Eggs over winter in the stems of azaleas. In the vicinity of Harrisburg, Pa., they begin to hatch in early to mid-May. Egg hatch appears to take place sooner on early-blooming varieties. The newly hatched nymphs feed mainly on the petals and stamens where they have been observed to pierce both the filaments and anthers. Although laboratory observations were made only on stamens that had shed their pollen, the bugs were seen to feed on pollen grains that had fallen onto the petals. (Pictured above)
R. vanduzeei has five nymphal or immature stages. The first adults mature during the first week of June. There is a single generation annually with the adults soon mating, laying eggs that will over winter, and then dying. In the Harrisburg area adults usually have disappeared by early to mid-July.
In northern Pennsylvania development is about two weeks behind that in the Harrisburg area. At Ithaca, N.Y. adults do not appear until late June - early July. In the vicinity of Washington, D.C. adults may develop as early as mid-May.
In the literature the only host plants recorded for R. vanduzeei are two species of wild red raspberry, Rubus spp. We also have found this bug breeding on raspberry (at Ithaca, N.Y. during June and July), but native and cultivated azaleas are the preferred food plants.
In Pennsylvania and in the Pine Barrens of New Jersey, R. vanduzeei has been found on wild swamp azalea, Rhododendron viscosum. In nurseries and ornamental plantings in Pennsylvania this bug breeds on numerous species of evergreen and deciduous azaleas, with populations more common on deciduous varieties such as flame azalea, R. calendulaceum, plus its Ghent hybrids, and Korean azalea, R. yedoense poukhanense. In the Cornell Plantations at Ithaca, N.Y. a population of the bug was observed on Cumberland azalea, R. bakeri.
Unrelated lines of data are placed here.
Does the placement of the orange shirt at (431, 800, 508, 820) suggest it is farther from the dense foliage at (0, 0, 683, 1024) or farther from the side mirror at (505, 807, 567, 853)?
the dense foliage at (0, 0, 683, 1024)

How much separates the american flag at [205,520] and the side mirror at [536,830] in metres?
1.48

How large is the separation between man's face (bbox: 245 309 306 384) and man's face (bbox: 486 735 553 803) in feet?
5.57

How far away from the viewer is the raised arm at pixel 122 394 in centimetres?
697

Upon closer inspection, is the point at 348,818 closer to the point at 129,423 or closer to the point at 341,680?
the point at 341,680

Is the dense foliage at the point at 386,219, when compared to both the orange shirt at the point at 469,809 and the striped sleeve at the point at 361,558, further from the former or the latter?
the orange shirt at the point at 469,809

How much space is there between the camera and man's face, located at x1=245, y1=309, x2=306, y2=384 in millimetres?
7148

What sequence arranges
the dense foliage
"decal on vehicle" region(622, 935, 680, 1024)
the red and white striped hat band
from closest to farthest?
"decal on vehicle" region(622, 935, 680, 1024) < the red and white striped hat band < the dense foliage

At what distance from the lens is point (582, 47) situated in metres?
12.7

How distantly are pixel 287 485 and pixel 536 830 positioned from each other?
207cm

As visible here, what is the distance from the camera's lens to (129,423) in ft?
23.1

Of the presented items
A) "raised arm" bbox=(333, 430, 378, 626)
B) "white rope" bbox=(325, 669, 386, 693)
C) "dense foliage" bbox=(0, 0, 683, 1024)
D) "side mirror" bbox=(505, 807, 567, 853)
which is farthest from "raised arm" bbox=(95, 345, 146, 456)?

Observations made by two leading azalea growers at Silver Spring, Md., Dr. August Kehr and Mr. Judson Hardy, have supplemented our data. During 1972-75, Dr. Kehr found R. vanduzeei on R. bakeri, R. calendulaceum, and R. viscosum. Mr. Hardy observed the bug on these same three species in 1975.
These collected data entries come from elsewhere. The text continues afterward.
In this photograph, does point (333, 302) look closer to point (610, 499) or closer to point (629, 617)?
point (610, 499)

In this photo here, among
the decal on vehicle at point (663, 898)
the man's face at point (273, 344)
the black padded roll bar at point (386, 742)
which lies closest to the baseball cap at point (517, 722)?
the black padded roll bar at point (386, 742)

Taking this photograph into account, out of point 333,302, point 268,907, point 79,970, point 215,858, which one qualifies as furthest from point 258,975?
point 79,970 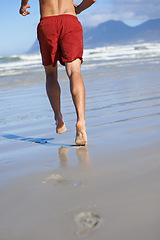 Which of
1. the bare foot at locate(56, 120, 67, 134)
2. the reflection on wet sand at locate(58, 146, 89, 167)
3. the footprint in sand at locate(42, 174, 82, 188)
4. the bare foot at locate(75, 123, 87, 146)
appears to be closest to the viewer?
the footprint in sand at locate(42, 174, 82, 188)

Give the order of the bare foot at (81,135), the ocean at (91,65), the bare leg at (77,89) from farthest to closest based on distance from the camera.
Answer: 1. the ocean at (91,65)
2. the bare leg at (77,89)
3. the bare foot at (81,135)

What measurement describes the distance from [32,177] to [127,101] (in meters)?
2.62

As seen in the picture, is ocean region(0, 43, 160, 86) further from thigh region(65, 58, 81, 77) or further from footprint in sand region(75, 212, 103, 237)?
footprint in sand region(75, 212, 103, 237)

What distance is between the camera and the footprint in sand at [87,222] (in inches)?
44.0

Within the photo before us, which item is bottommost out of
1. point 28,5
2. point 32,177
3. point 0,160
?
point 0,160

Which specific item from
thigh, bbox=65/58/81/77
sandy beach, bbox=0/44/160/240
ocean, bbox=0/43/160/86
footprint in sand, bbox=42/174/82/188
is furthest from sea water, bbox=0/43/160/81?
footprint in sand, bbox=42/174/82/188

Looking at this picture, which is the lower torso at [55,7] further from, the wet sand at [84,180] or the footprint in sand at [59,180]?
the footprint in sand at [59,180]

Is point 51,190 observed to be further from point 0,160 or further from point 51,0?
point 51,0

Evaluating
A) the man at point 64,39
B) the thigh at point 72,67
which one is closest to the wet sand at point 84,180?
the man at point 64,39

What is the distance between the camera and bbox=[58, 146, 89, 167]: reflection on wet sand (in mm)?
1957

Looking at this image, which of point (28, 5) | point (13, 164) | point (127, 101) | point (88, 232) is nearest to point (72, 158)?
point (13, 164)

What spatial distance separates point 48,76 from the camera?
106 inches

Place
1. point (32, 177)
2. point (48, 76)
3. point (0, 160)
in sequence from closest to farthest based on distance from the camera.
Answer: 1. point (32, 177)
2. point (0, 160)
3. point (48, 76)

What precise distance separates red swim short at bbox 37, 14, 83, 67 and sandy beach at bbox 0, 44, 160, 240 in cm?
66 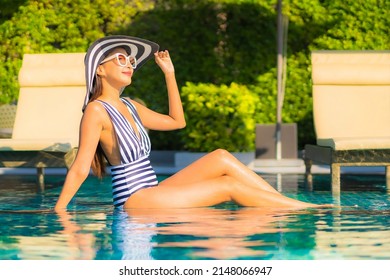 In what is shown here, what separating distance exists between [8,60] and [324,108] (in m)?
5.47

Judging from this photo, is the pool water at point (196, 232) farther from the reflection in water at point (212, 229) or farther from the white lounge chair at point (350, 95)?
the white lounge chair at point (350, 95)

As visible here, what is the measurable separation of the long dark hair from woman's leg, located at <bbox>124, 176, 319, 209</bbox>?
0.98ft

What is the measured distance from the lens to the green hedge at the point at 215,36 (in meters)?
14.4

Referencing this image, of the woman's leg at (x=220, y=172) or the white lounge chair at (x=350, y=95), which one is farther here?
the white lounge chair at (x=350, y=95)

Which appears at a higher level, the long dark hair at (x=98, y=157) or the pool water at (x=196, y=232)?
the long dark hair at (x=98, y=157)

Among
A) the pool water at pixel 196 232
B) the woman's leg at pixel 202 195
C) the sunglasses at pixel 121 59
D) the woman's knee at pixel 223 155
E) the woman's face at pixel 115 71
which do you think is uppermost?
the sunglasses at pixel 121 59

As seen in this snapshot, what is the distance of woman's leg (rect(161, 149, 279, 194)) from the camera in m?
7.50

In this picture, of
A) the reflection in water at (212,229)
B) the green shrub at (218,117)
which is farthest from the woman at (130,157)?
the green shrub at (218,117)

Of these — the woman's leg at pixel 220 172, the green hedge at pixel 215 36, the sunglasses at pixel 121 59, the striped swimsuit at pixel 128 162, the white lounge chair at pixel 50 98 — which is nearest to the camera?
the striped swimsuit at pixel 128 162

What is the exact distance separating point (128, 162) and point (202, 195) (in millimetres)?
577

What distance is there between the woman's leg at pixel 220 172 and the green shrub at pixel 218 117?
552cm

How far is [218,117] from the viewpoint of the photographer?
43.3ft

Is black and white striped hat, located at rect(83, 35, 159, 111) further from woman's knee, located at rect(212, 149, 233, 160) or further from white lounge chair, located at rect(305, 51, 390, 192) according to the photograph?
white lounge chair, located at rect(305, 51, 390, 192) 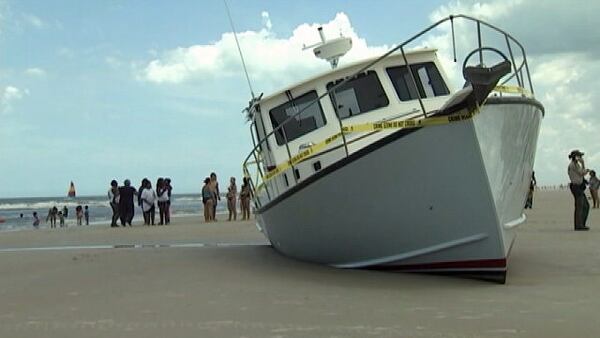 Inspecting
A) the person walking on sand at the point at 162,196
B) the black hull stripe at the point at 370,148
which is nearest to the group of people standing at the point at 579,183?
the black hull stripe at the point at 370,148

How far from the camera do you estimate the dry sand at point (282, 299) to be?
4348 millimetres

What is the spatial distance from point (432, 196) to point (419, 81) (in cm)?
277

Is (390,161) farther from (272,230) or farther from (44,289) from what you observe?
(44,289)

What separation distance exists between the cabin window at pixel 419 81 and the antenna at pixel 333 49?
5.98ft

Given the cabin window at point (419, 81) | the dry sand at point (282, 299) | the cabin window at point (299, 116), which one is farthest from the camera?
the cabin window at point (299, 116)

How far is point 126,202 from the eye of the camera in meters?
18.9

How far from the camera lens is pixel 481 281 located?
6.21 meters

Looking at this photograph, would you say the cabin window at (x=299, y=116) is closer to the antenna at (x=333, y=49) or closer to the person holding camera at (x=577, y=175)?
the antenna at (x=333, y=49)

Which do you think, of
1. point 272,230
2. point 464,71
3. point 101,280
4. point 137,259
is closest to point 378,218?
point 464,71

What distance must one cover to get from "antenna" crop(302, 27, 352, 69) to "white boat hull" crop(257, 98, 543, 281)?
3.73 m

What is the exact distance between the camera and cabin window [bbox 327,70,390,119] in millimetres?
7957

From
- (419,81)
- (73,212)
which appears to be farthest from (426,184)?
(73,212)

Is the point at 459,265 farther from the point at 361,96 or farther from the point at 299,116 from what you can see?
the point at 299,116

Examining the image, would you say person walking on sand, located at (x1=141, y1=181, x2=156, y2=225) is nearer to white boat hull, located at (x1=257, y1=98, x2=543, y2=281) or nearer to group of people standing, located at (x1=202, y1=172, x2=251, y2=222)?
group of people standing, located at (x1=202, y1=172, x2=251, y2=222)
Although breeding is apparently restricted to azaleas and, to a lesser extent, raspberries, the adults will disperse widely when their host plants have finished blooming. Adults can then be found on a variety of ornamental trees and shrubs, often within the flowers.
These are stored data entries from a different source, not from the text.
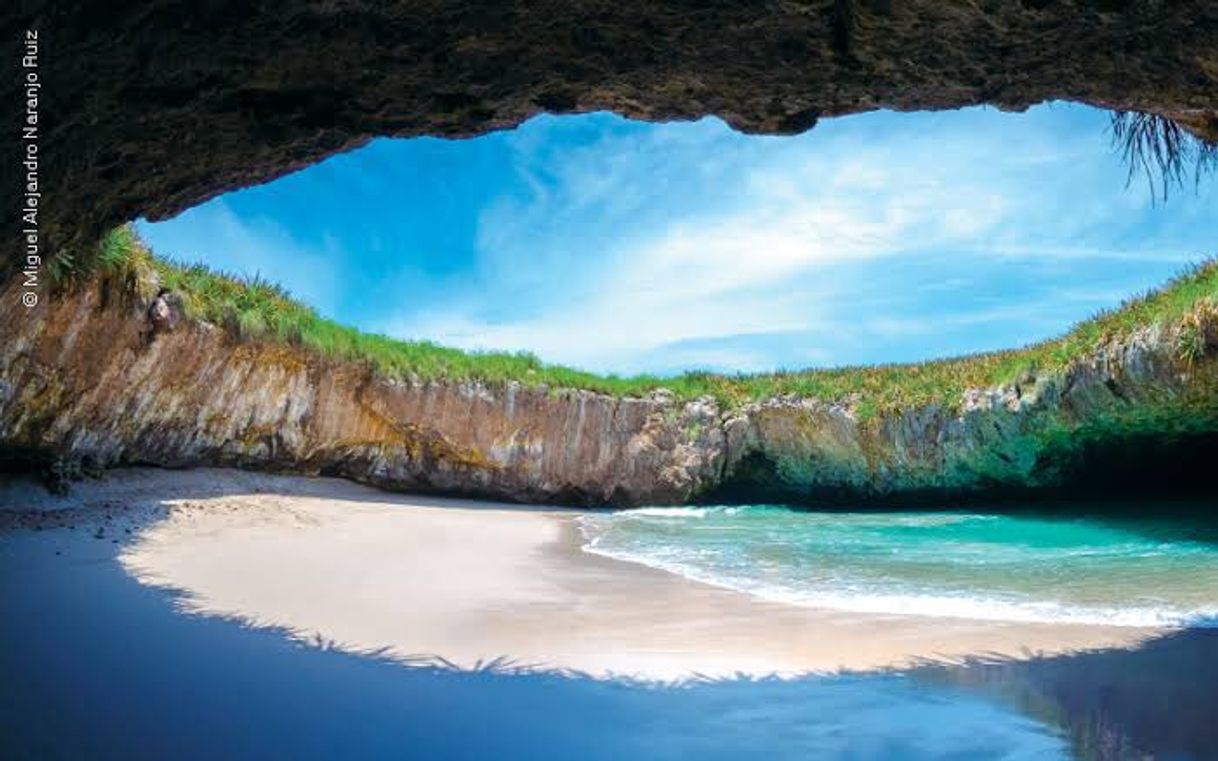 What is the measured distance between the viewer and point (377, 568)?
261 inches

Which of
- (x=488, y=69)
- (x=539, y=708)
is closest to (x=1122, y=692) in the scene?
(x=539, y=708)

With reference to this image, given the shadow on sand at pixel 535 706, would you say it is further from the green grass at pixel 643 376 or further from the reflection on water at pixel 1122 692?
the green grass at pixel 643 376

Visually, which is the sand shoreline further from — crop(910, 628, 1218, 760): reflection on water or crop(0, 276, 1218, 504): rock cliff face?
crop(0, 276, 1218, 504): rock cliff face

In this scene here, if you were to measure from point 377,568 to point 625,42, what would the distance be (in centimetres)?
510

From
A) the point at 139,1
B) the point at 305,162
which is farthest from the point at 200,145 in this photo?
the point at 139,1

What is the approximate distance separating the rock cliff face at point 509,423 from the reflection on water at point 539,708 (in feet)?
15.1

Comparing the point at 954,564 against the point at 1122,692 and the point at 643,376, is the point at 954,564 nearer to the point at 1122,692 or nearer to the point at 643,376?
the point at 1122,692

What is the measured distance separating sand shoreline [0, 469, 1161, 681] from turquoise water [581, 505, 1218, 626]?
0.47 meters

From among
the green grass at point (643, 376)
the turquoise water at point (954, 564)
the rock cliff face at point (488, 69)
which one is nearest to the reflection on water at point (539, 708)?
the turquoise water at point (954, 564)

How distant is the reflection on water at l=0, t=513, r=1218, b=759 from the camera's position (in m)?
2.85

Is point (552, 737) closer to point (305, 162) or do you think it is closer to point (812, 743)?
point (812, 743)

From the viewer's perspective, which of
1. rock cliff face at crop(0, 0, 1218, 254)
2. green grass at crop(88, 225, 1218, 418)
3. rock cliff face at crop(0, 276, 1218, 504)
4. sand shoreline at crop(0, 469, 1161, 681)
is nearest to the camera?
rock cliff face at crop(0, 0, 1218, 254)

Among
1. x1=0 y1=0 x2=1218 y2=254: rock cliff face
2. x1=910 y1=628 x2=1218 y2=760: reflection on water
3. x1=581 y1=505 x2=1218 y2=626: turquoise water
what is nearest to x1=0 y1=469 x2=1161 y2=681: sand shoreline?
x1=910 y1=628 x2=1218 y2=760: reflection on water

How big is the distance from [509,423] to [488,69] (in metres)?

Although a large population of R. vanduzeei may slightly deform azalea flowers, this plant bug probably is important only on plants grown for seed. Feeding on stamens by nymphs and adults may cause the filaments to atrophy. Mr. Hardy has observed that flowers infested with the bug lacked pollen but had normal pistils. Even though this species prefers to feed on floral parts, it is unlikely that this plant bug is an obligatory flower feeder. Later stage nymphs have been observed to complete their feeding on an early blooming evergreen azalea after all flowers had dropped from the plant. Control measures, however, may become necessary if large numbers of the bug are discovered on azaleas being grown for seed. In addition, homeowners occasionally have requested chemicals that might help control R. vanduzeei and thus keep them from being bitten when they work among their azaleas.
We are especially grateful to James F. Stimmel, Bureau of Plant Industry, Pennsylvania Department of Agriculture, for his excellent photographs of R. vanduzeei. We thank August Kehr and Judson Hardy, Silver Spring, Md., for sharing with us their observations of this bug on azaleas, and David G. Hall, Arlington, Va., for his interest in the biting habits of this species. Thomas J. Henry and K. Valley, Bur. 'PI. Ind., Pa. Dept. Agric., kindly reviewed the manuscript.